▶ **EXERCISE DIRECTIONS**
Give the listing again word for word. Leave every image out.

▶ **DATA SEGMENT**
===
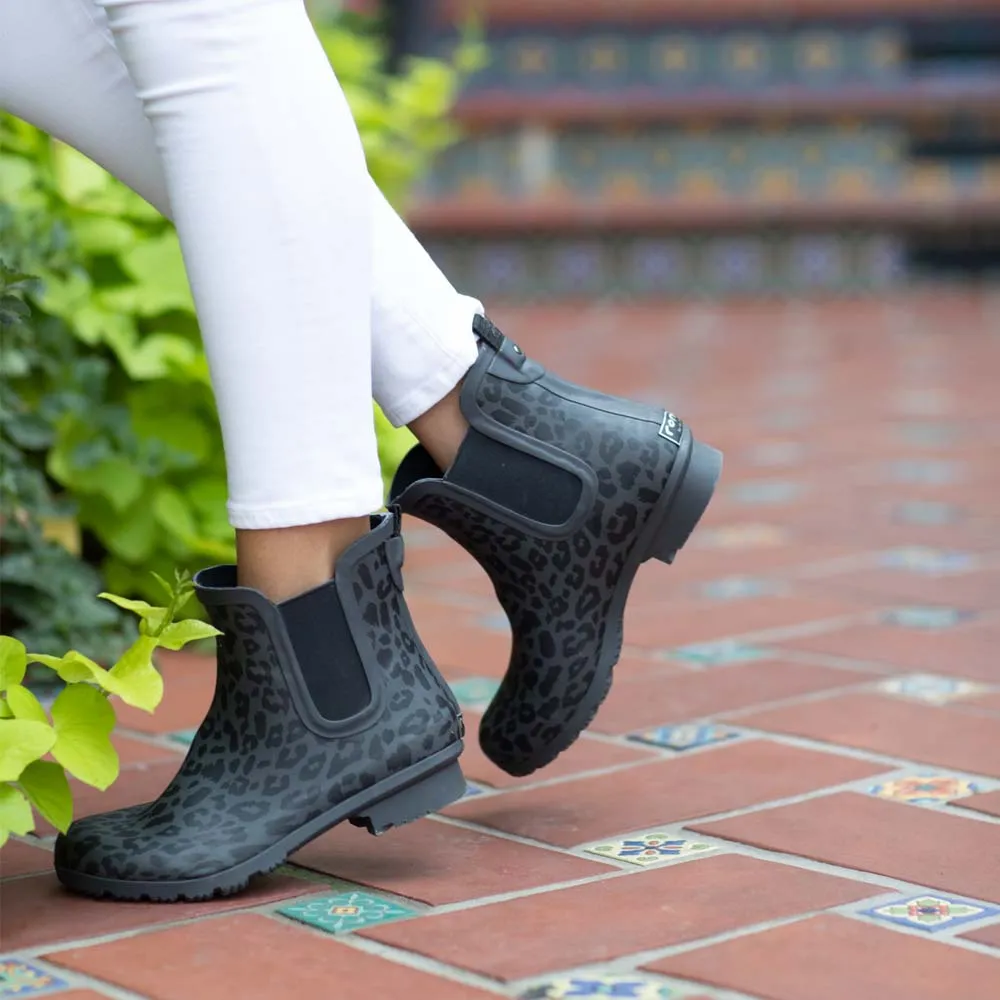 Chelsea Matte Gray Leopard Women's Rain Boots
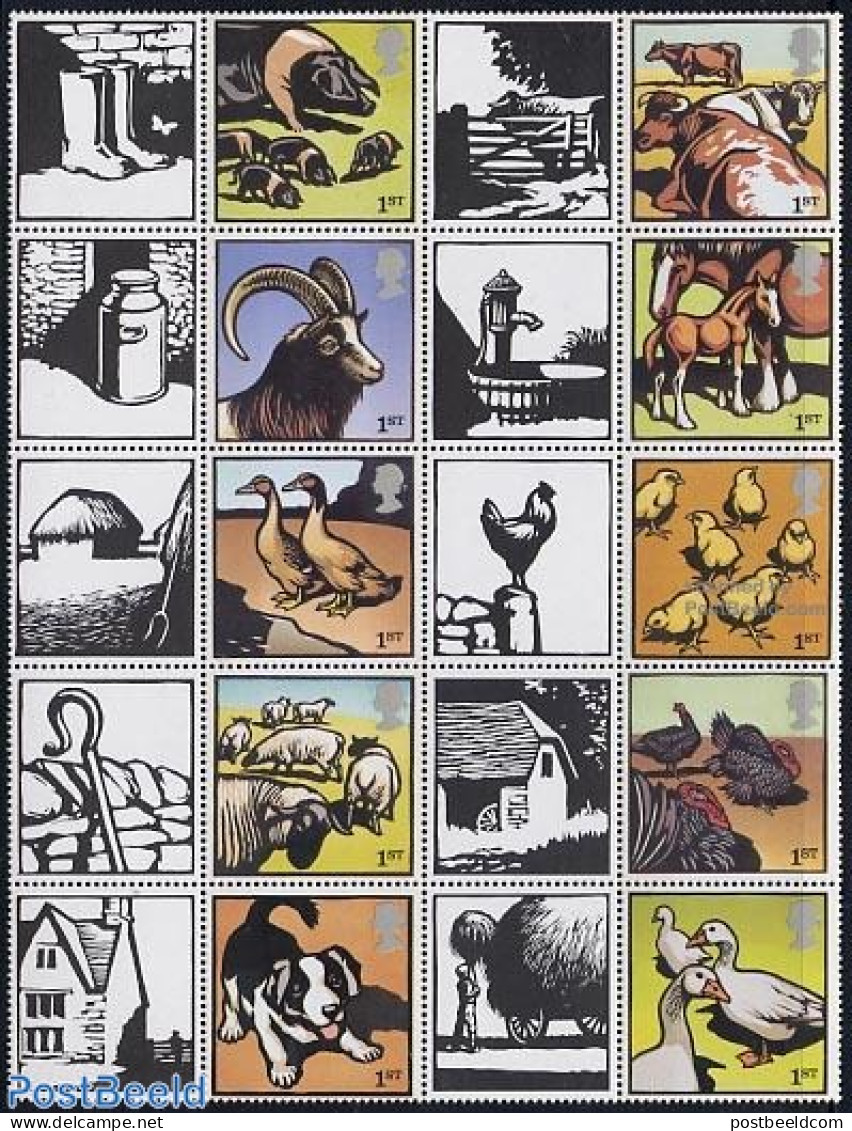 Great Britain 2005 Farm Animals, Smilers 10v+tabs, Mint NH, Nature - Animals (others & Mixed) - Dogs - Horses - Poultry - Unused Stamps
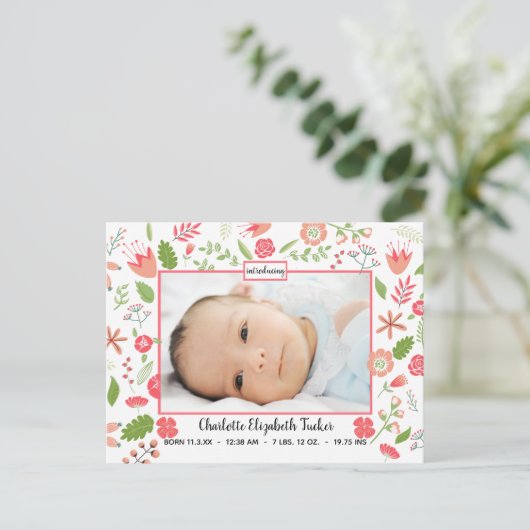 Roze Bloemen Boeketten - Geboorteaankondiging Brie Aankondigingskaart (Staand voorkant)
===
▶ **ANSWER TO THIS EXERCISE**
 Chelsea Matte Gray Leopard Women's Rain Boots
 Great Britain 2005 Farm Animals, Smilers 10v+tabs, Mint NH, Nature - Animals (others & Mixed) - Dogs - Horses - Poultry - Unused Stamps
 Roze Bloemen Boeketten - Geboorteaankondiging Brie Aankondigingskaart (Staand voorkant)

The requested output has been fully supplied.